The reply should contain the full listing exactly as written and no pictures at all.
(COLLECTED DATA Opens)
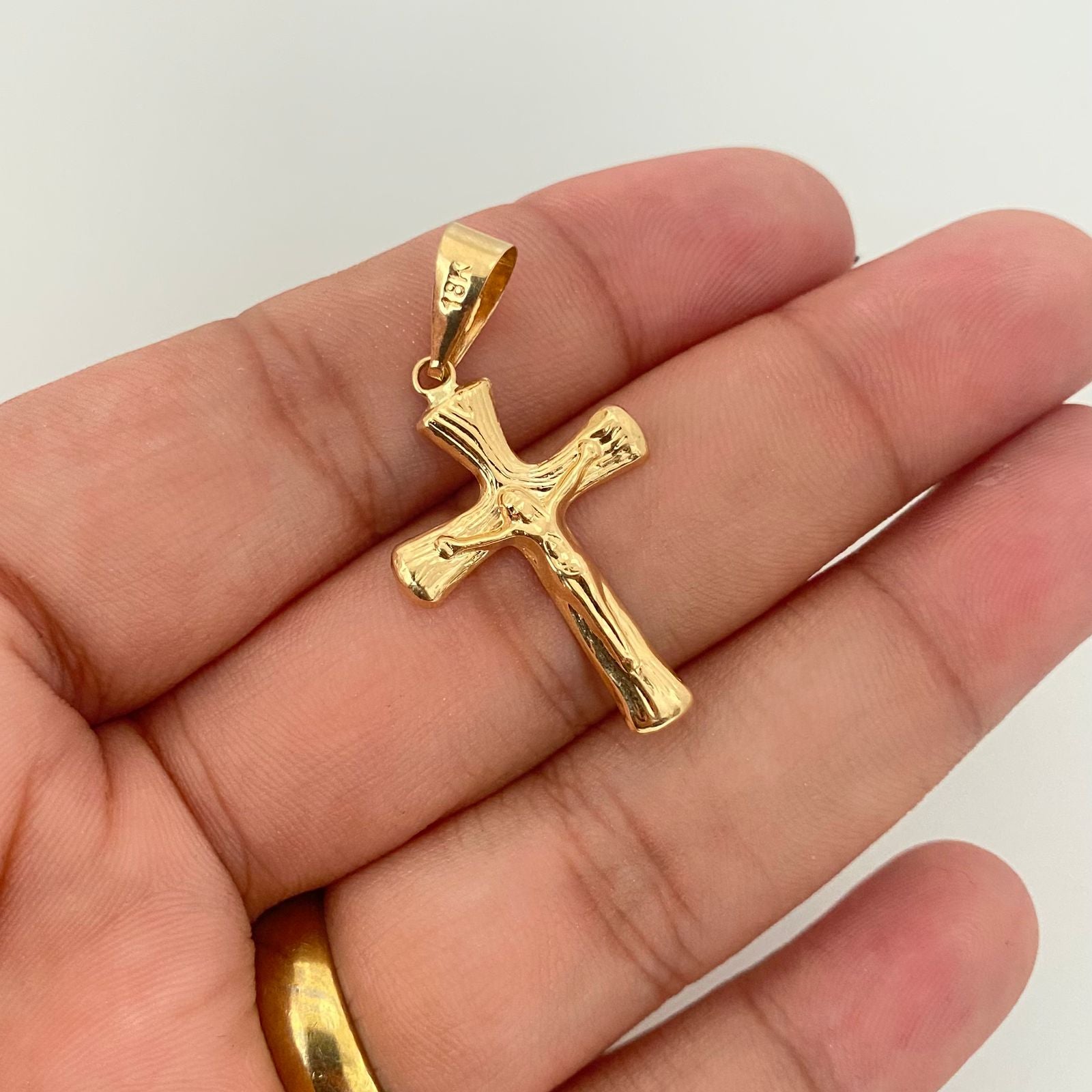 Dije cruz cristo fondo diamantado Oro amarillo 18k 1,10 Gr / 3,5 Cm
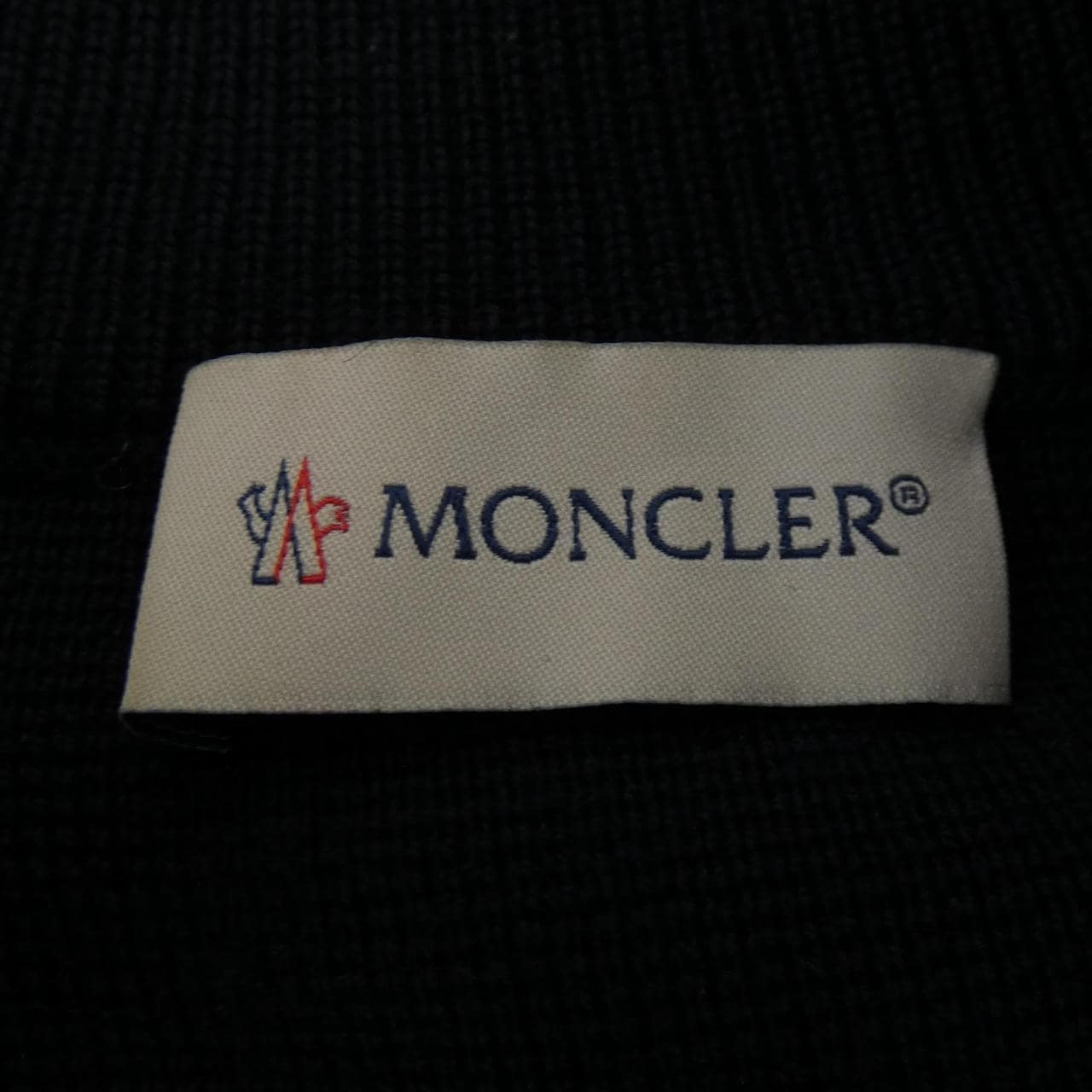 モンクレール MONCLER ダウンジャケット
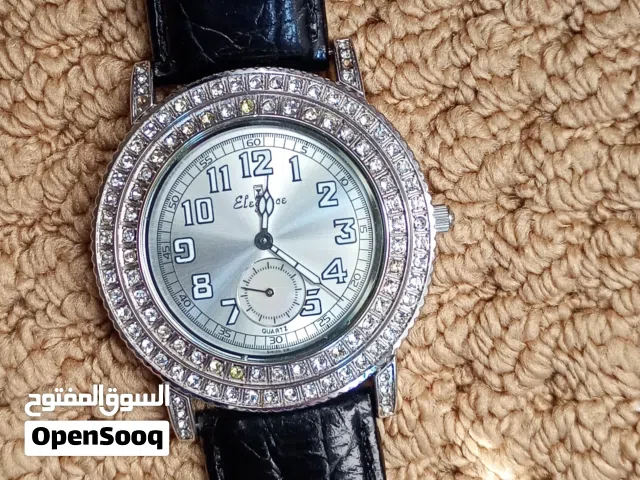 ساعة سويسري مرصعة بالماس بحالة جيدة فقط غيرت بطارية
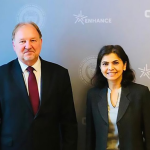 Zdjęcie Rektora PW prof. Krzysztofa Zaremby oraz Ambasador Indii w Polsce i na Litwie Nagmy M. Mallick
(COLLECTED DATA Closes)
**SOLUTION TO THE PROBLEM**
 Dije cruz cristo fondo diamantado Oro amarillo 18k 1,10 Gr / 3,5 Cm
 モンクレール MONCLER ダウンジャケット
 ساعة سويسري مرصعة بالماس بحالة جيدة فقط غيرت بطارية
 Zdjęcie Rektora PW prof. Krzysztofa Zaremby oraz Ambasador Indii w Polsce i na Litwie Nagmy M. Mallick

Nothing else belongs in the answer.